Consumer group Which? recently found that over 13 million UK adults were only able to afford their Christmas spending using credit. An increasing number of UK adults are turning to high-interest credit options such as payday loans as most of their other credit options, including credit cards, run dry.
UK households have been set back by a rising cost of living combined with incomes that have not increased by any substantial margin over the past three years. Many homes are earning less in real terms than they were five years ago, despite efforts made by the government to improve income stability and employment.
Only three in ten UK households expect that their financial situation will improve in the next year. Six in ten households are fearful that the growing cost of energy could make their winter utility bills a major strain on household finances. Alarmingly, four in ten UK borrowers are now using credit to pay for necessities such as food.

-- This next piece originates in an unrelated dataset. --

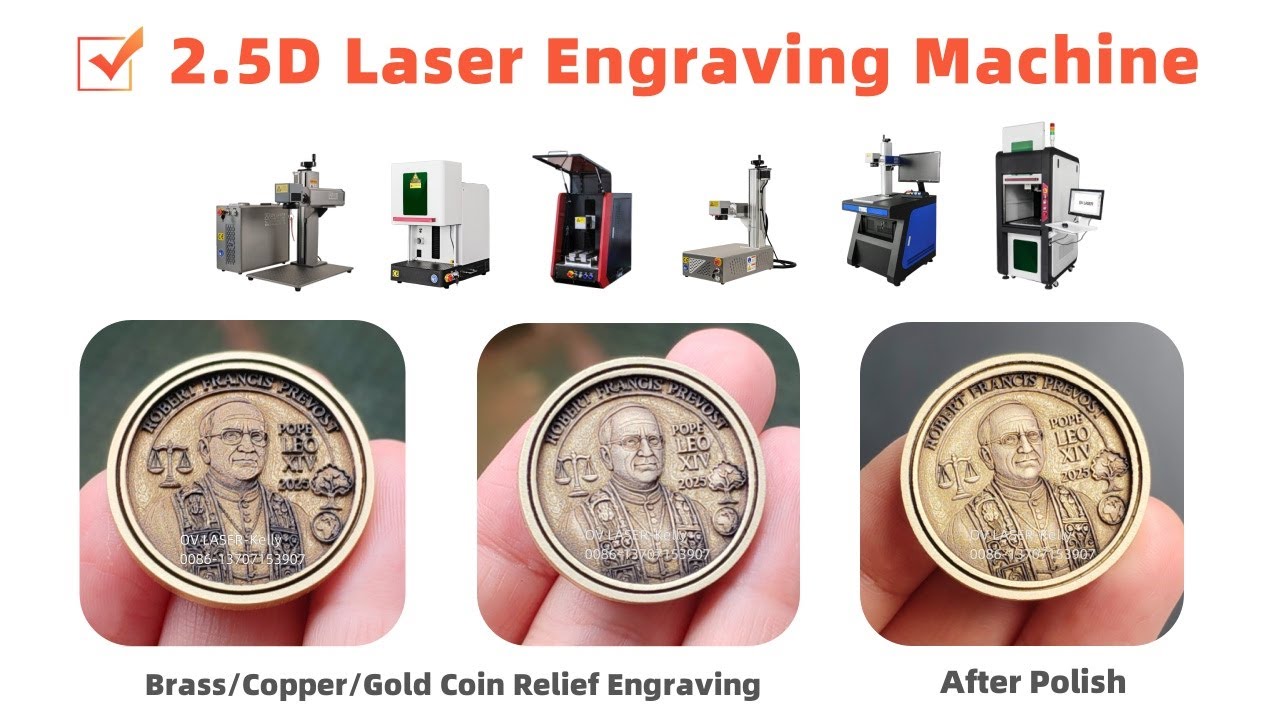 Mopa 2.5D 100watt JPT Laser Engraver 3D Coin Medal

Three quarters of Christmas borrowers claim that they spent most of their credit on presents. Data reveals that Britons have, on average, £2,875 of credit card debt as of the beginning of the year. Experts estimate that 40% of borrowers will spend more than a year repaying their credit card bills due to Christmas spending.
Despite the household doom and gloom, experts are confident that the UK economy will improve in 2014. PricewaterhouseCoopers believes that the economy is likely to return to its pre-recession level for the first time in the final quarter of the year, leading to long-term economic improvement for many UK households.